- **Input records**:
- Opening Delimiter -

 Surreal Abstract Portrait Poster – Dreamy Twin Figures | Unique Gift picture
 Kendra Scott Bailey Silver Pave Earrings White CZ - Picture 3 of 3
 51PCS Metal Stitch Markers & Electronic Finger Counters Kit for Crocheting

- Closing Delimiter -
- Opening Delimiter -

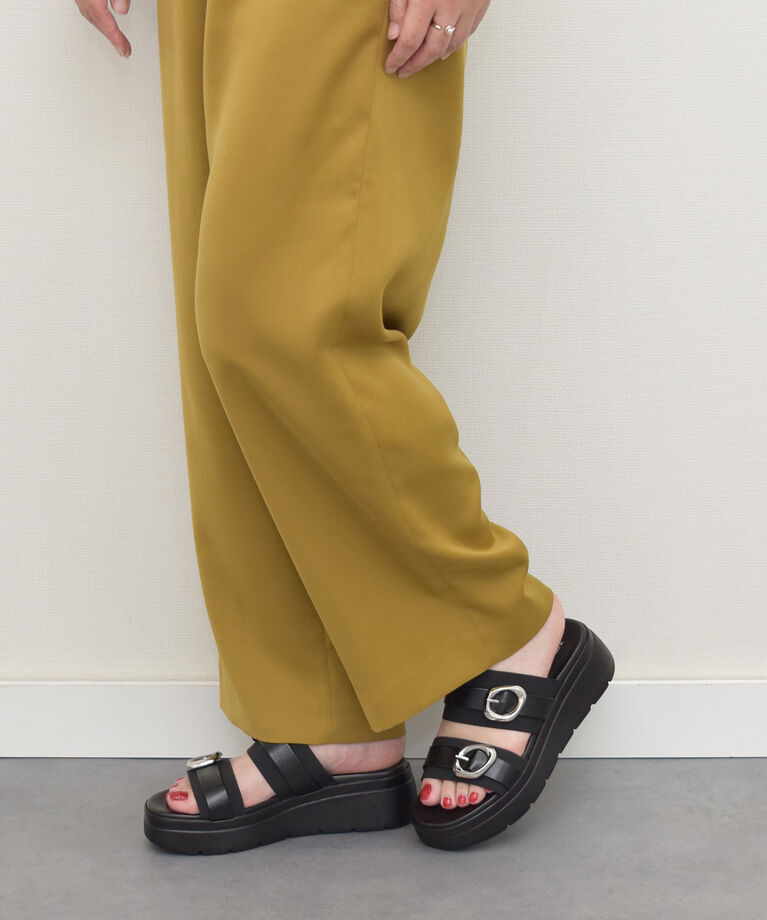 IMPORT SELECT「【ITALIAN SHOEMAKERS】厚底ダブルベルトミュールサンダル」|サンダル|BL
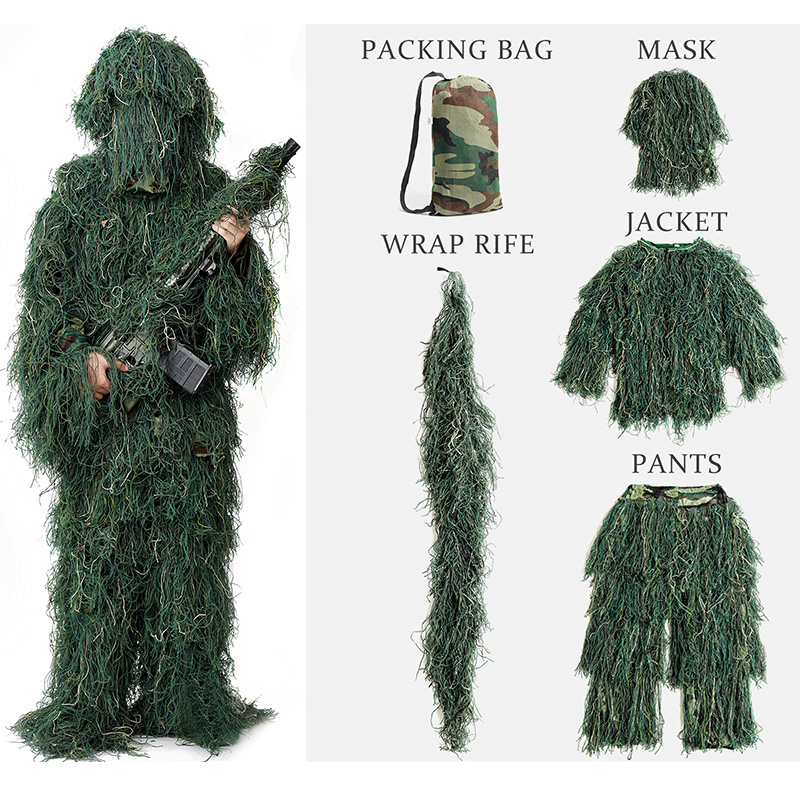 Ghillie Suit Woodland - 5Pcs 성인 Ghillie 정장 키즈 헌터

- Closing Delimiter -

The expected output is the lines above from the one containing "IMPORT SELECT「【ITALIAN SHOEMAKERS】厚底ダブルベルトミュールサンダル」|サンダル|BL" to the one containing "Ghillie Suit Woodland", both ends included, reproduced exactly with every picture left out.

 IMPORT SELECT「【ITALIAN SHOEMAKERS】厚底ダブルベルトミュールサンダル」|サンダル|BL
 Ghillie Suit Woodland - 5Pcs 성인 Ghillie 정장 키즈 헌터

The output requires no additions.